Processor quota is government allocation of market share to certain corporations, a policy strictly forbidden by federal law in other industries. In fact, Congress would have to exempt seafood processors from federal anti-trust laws in order to allow corporations to be granted a piece of the market.

Processor quota will create cartels by limiting participation in the market to a select pool of companies. Processors would be able to freely buy, sell and lease quota, and the recommendation of the NPFMC would allow consolidation to proceed until there are only two processors remaining in operation.

Some of the largest multinational processing corporations doing business in the United States will reap the greatest windfall. In the highly prized red king crab fishery, 49 percent of the processor quota would immediately go to five foreign-owned companies. This program facilitates corporate consolidation and anti-competitive behavior.

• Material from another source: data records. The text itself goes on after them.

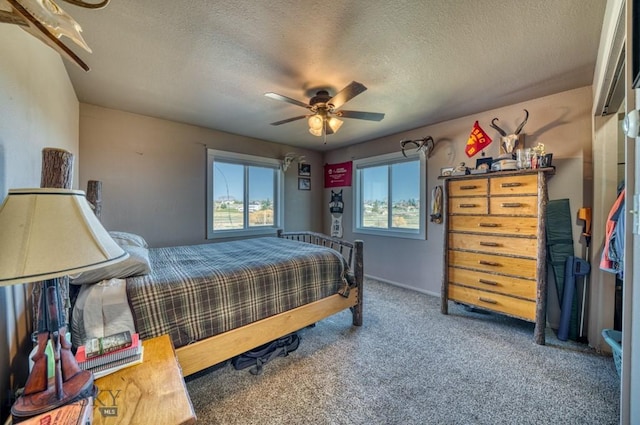 5585 W Cameron Bridge Rd, Manhattan, MT 59741 - carpeted bedroom featuring a textured ceiling and a ceiling fan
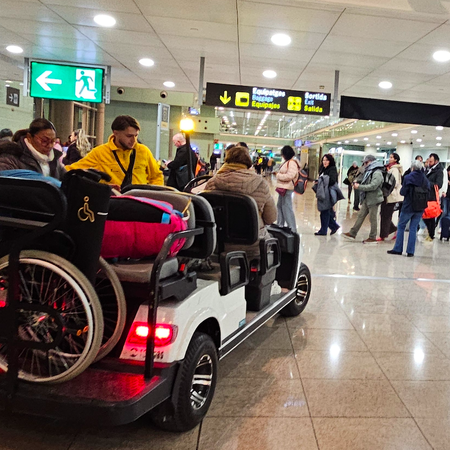 Mobility assistance buggy carrying two elderly passengers with a wheelchair
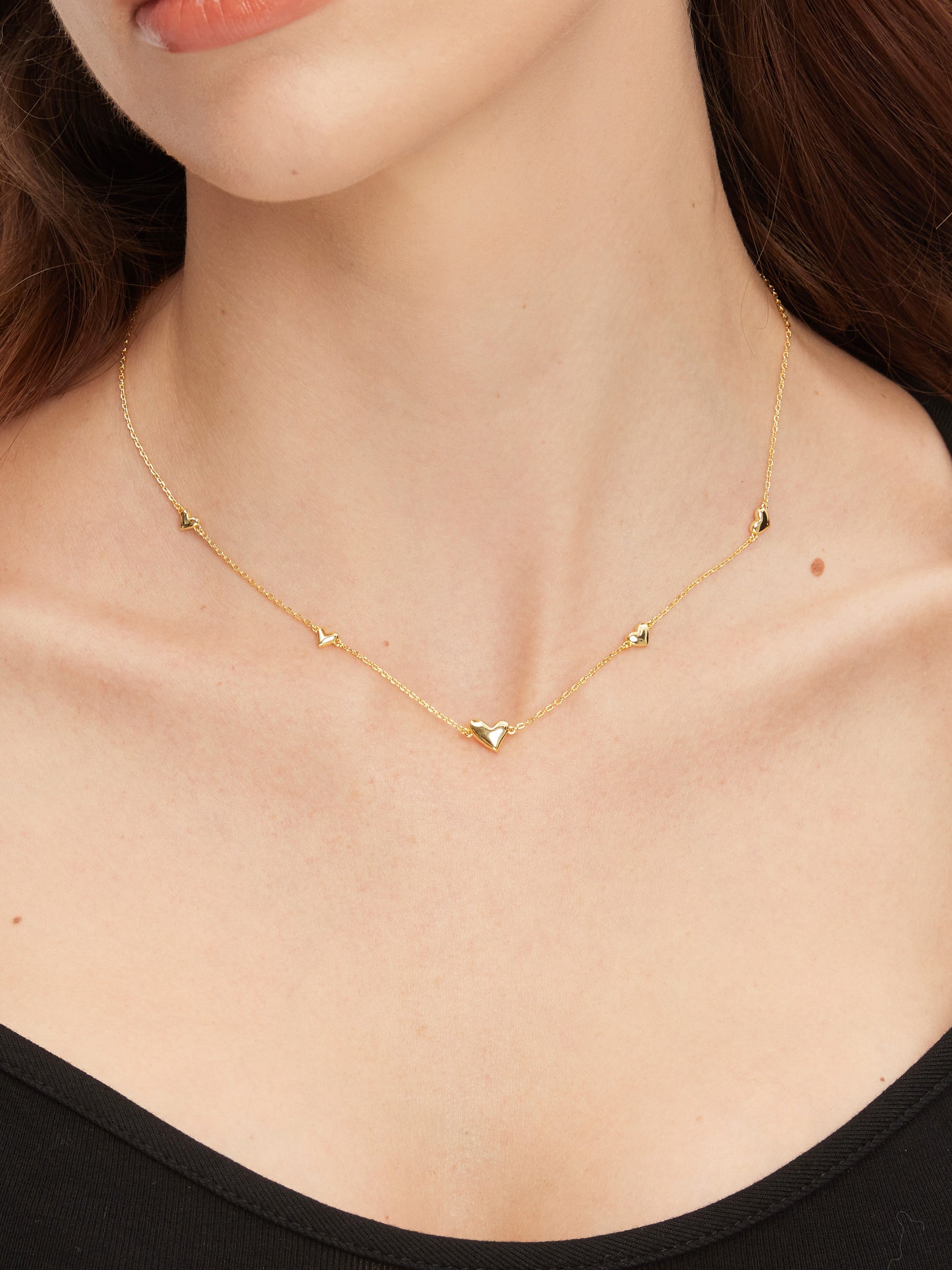 Gold necklace with small heart pendants on a person wearing a black top.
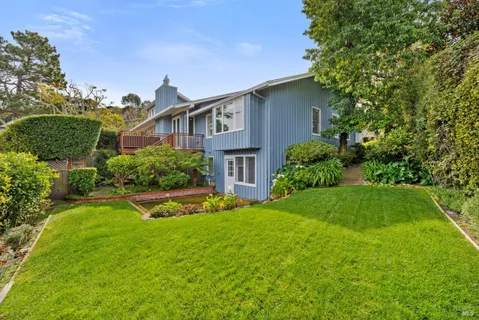 an aerial view of ocean with residential house with outdoor space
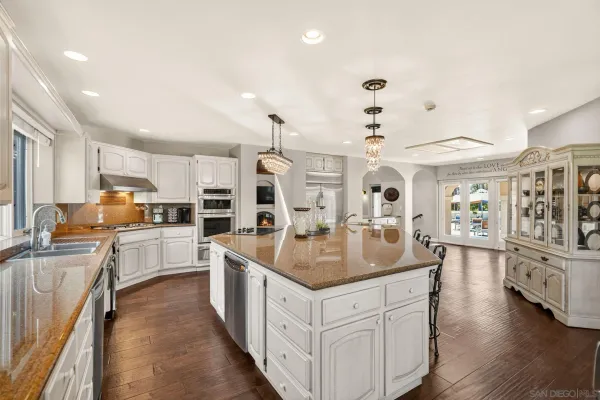 a large kitchen with stainless steel appliances lots of counter space and wooden floor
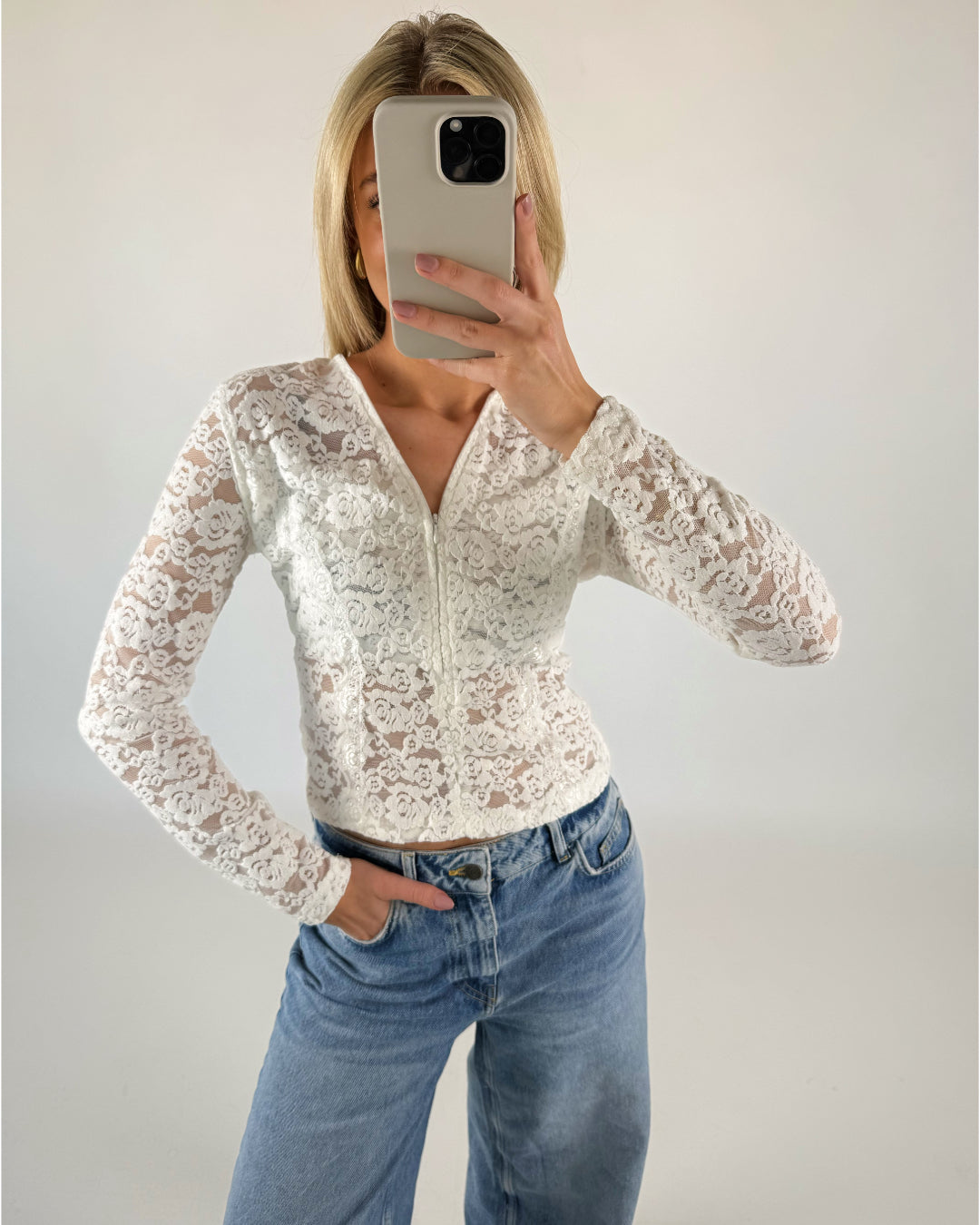 Person tager selfie iført hvid blondetop og blå jeans; står indendørs med hvid væg som baggrund.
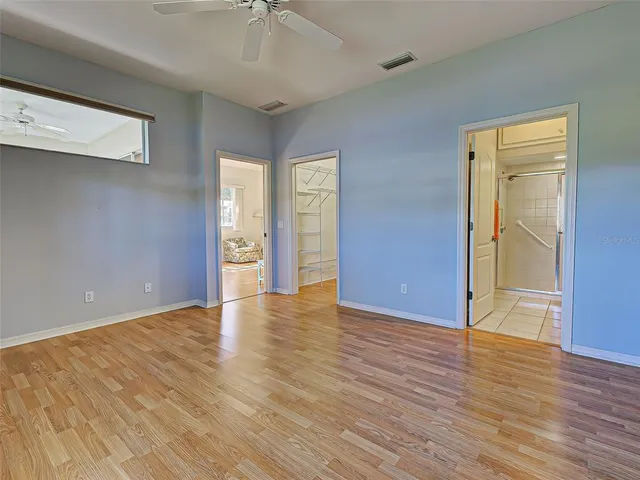 a view of a hallway with wooden floor and a bathroom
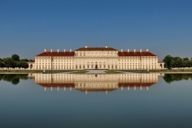 The silhouette of Schleissheim Palace is reflected in the water of the canal. 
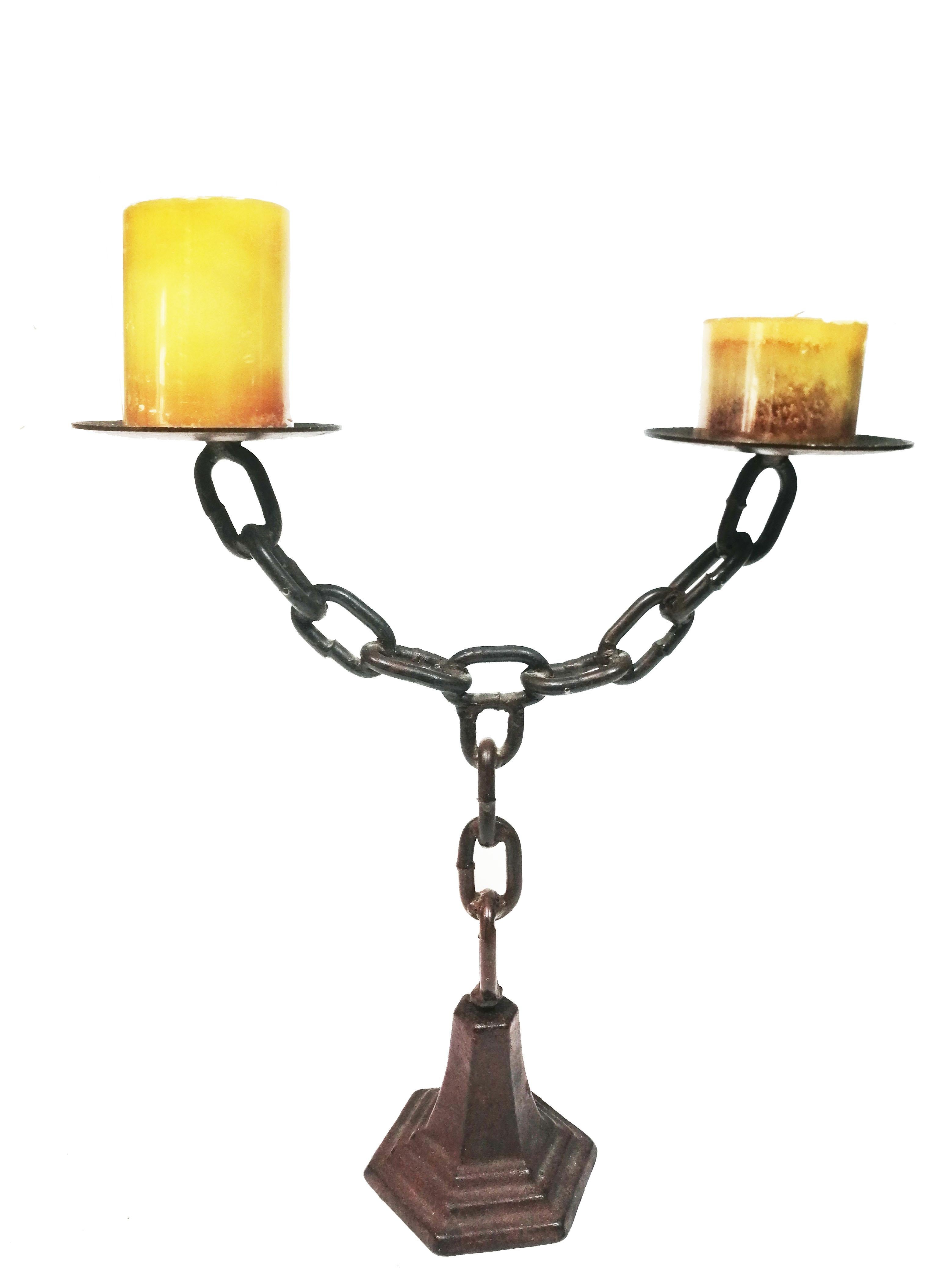 Chain shaped iron candlestick for two candles.

Beautiful medieval-looking chandelier
Spectacular condellabro or candle holder for two large candles

It is made of wrought iron, in the shape of a chain and with two arms

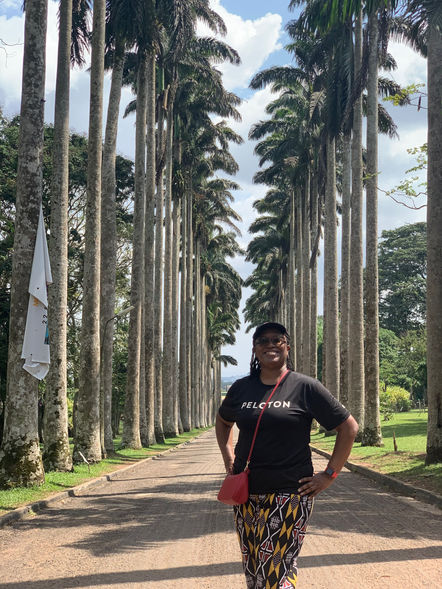 Xperience Black Founder Tamara Baynham at the palm tree rows in Aburi Botanical Garden in Ghana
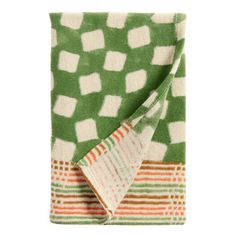 a green and white blanket folded on top of each other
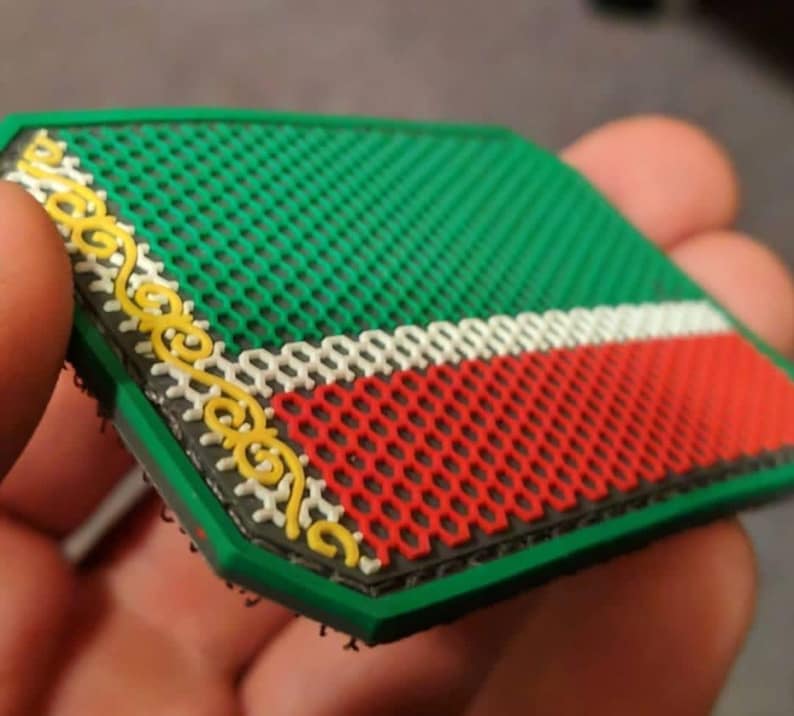 Pu&ograve; includere: Una toppa verde, rossa e bianca con un bordo decorativo giallo. La toppa ha uno sfondo a rete verde e un design a strisce rosse e bianche. La toppa &egrave; tenuta in una mano.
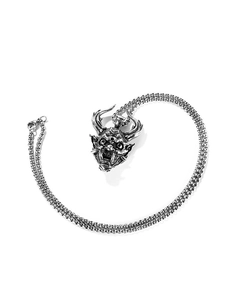 Macro shot of vintage silver Hannya demon pendant on a thick stainless steel box chain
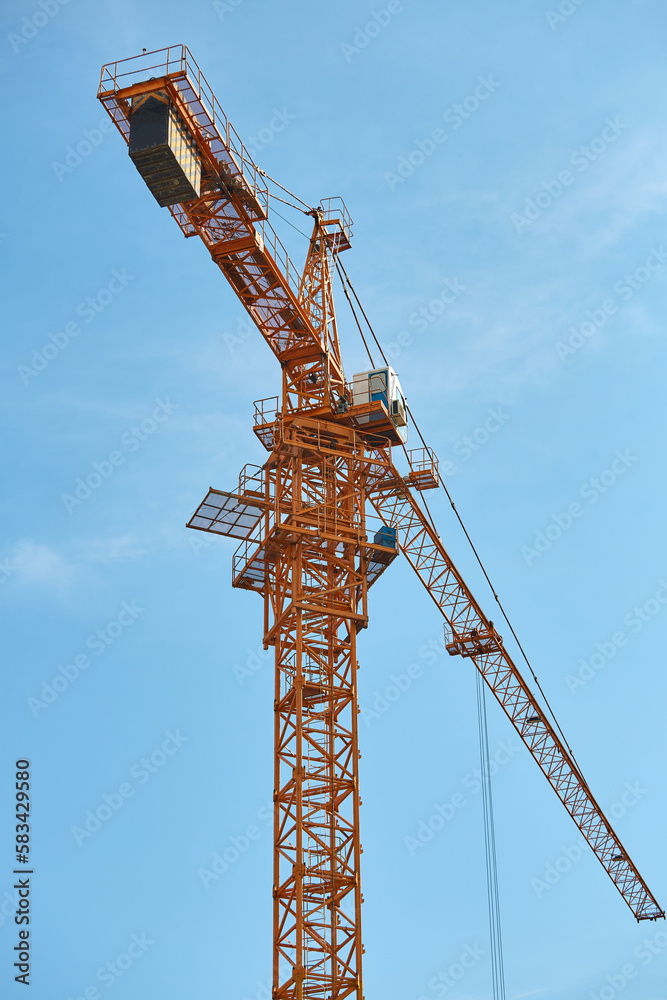 Construction crane with blue sky in the background Construction crane with blue sky in the background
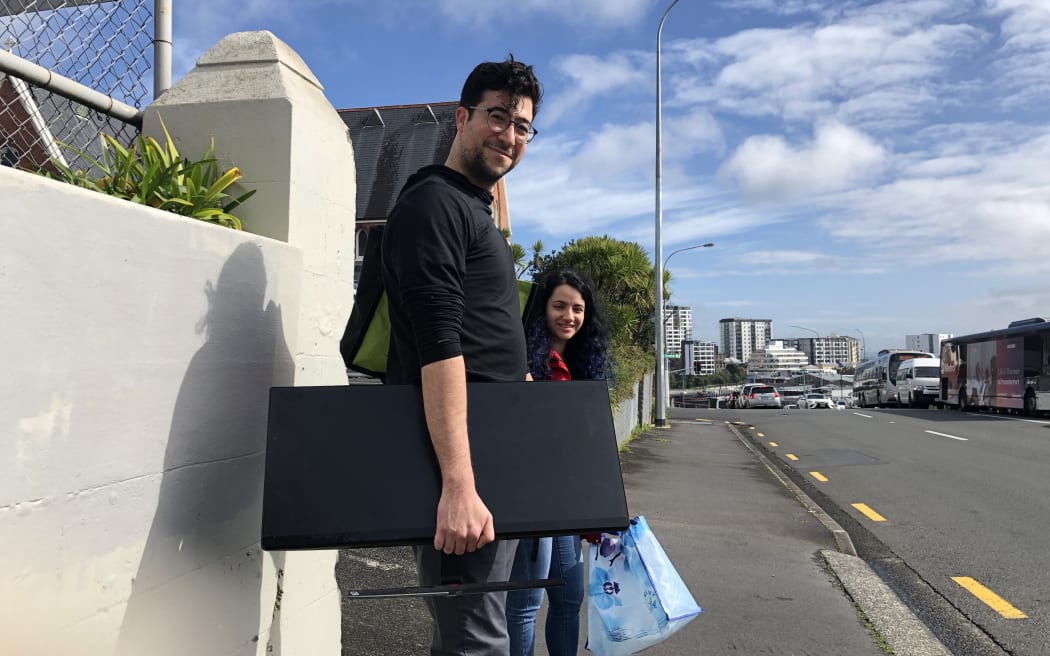 Software company worker Arash takes his monitor and other office supplies home.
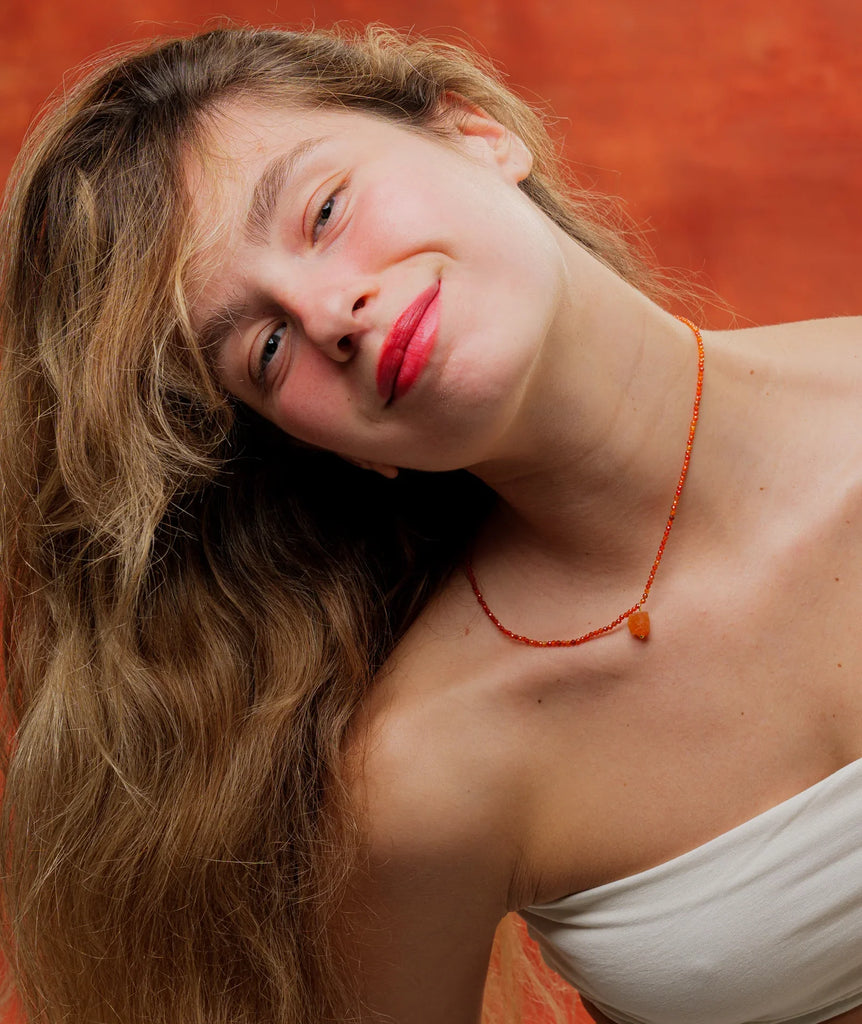 Calinda Pendant — Orange beaded necklace with pendant on model — MYFASHIONFRUIT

Why would we want to use Alaska's public resources to help corporate giants gain even more political and economic control?

If Congress approves the Bering Sea crab plan, fishermen will be required to sell their catch to particular companies who own processor quota. The public will find fishery management and local government decisions increasingly dominated by a small number of corporations that have tremendous influence and little regard for the public interest.

Awarding processor quota has nothing to do with conservation -- fisheries conservation takes place before the fish are processed. The North Pacific Fishery Management Council should be focused on making sure our fisheries are sustainable for the long term. Instituting a processor quota program will mean that fishery managers will be burdened with management of the downstream impacts of the seafood industry. Fishery managers will have less time and fewer resources to focus on conservation issues.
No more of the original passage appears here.